In your reply, reproduce every line of the data without any alteration.

(DATA PROVIDED begins)

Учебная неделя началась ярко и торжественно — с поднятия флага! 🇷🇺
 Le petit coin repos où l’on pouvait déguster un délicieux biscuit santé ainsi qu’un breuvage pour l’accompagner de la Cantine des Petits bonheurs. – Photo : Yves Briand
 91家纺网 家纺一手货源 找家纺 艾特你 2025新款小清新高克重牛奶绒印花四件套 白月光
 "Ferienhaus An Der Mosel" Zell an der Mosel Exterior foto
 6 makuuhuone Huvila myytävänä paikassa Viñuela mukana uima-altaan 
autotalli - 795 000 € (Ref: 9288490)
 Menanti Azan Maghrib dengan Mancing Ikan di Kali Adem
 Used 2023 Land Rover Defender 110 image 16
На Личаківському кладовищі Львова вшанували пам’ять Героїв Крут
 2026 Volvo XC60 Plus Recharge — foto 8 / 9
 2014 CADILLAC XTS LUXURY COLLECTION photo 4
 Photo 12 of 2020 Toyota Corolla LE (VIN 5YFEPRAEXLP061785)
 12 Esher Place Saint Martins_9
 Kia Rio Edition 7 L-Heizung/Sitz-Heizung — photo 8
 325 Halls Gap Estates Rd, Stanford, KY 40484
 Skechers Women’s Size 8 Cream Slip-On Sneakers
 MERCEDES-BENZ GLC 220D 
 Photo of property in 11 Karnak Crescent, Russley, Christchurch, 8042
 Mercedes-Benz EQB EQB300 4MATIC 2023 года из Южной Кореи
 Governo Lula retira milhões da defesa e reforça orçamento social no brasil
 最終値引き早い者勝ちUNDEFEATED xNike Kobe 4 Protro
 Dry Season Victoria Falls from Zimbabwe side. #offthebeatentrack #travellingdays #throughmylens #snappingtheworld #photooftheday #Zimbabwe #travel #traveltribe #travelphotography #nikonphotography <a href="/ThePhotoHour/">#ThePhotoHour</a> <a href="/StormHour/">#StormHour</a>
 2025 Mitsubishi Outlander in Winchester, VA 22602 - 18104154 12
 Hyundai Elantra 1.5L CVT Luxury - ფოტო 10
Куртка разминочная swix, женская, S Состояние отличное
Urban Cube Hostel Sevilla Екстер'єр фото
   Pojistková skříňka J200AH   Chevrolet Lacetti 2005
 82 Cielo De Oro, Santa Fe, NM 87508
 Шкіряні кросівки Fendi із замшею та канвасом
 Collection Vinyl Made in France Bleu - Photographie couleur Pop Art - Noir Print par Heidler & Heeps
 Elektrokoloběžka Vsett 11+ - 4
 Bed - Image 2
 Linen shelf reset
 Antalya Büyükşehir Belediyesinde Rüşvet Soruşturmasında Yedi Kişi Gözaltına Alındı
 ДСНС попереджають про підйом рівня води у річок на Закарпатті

(DATA PROVIDED ends)

» ANSWER BOX
Учебная неделя началась ярко и торжественно — с поднятия флага! 🇷🇺
 Le petit coin repos où l’on pouvait déguster un délicieux biscuit santé ainsi qu’un breuvage pour l’accompagner de la Cantine des Petits bonheurs. – Photo : Yves Briand
 91家纺网 家纺一手货源 找家纺 艾特你 2025新款小清新高克重牛奶绒印花四件套 白月光
 "Ferienhaus An Der Mosel" Zell an der Mosel Exterior foto
 6 makuuhuone Huvila myytävänä paikassa Viñuela mukana uima-altaan 
autotalli - 795 000 € (Ref: 9288490)
 Menanti Azan Maghrib dengan Mancing Ikan di Kali Adem
 Used 2023 Land Rover Defender 110 image 16
На Личаківському кладовищі Львова вшанували пам’ять Героїв Крут
 2026 Volvo XC60 Plus Recharge — foto 8 / 9
 2014 CADILLAC XTS LUXURY COLLECTION photo 4
 Photo 12 of 2020 Toyota Corolla LE (VIN 5YFEPRAEXLP061785)
 12 Esher Place Saint Martins_9
 Kia Rio Edition 7 L-Heizung/Sitz-Heizung — photo 8
 325 Halls Gap Estates Rd, Stanford, KY 40484
 Skechers Women’s Size 8 Cream Slip-On Sneakers
 MERCEDES-BENZ GLC 220D 
 Photo of property in 11 Karnak Crescent, Russley, Christchurch, 8042
 Mercedes-Benz EQB EQB300 4MATIC 2023 года из Южной Кореи
 Governo Lula retira milhões da defesa e reforça orçamento social no brasil
 最終値引き早い者勝ちUNDEFEATED xNike Kobe 4 Protro
 Dry Season Victoria Falls from Zimbabwe side. #offthebeatentrack #travellingdays #throughmylens #snappingtheworld #photooftheday #Zimbabwe #travel #traveltribe #travelphotography #nikonphotography <a href="/ThePhotoHour/">#ThePhotoHour</a> <a href="/StormHour/">#StormHour</a>
 2025 Mitsubishi Outlander in Winchester, VA 22602 - 18104154 12
 Hyundai Elantra 1.5L CVT Luxury - ფოტო 10
Куртка разминочная swix, женская, S Состояние отличное
Urban Cube Hostel Sevilla Екстер'єр фото
   Pojistková skříňka J200AH   Chevrolet Lacetti 2005
 82 Cielo De Oro, Santa Fe, NM 87508
 Шкіряні кросівки Fendi із замшею та канвасом
 Collection Vinyl Made in France Bleu - Photographie couleur Pop Art - Noir Print par Heidler & Heeps
 Elektrokoloběžka Vsett 11+ - 4
 Bed - Image 2
 Linen shelf reset
 Antalya Büyükşehir Belediyesinde Rüşvet Soruşturmasında Yedi Kişi Gözaltına Alındı
 ДСНС попереджають про підйом рівня води у річок на Закарпатті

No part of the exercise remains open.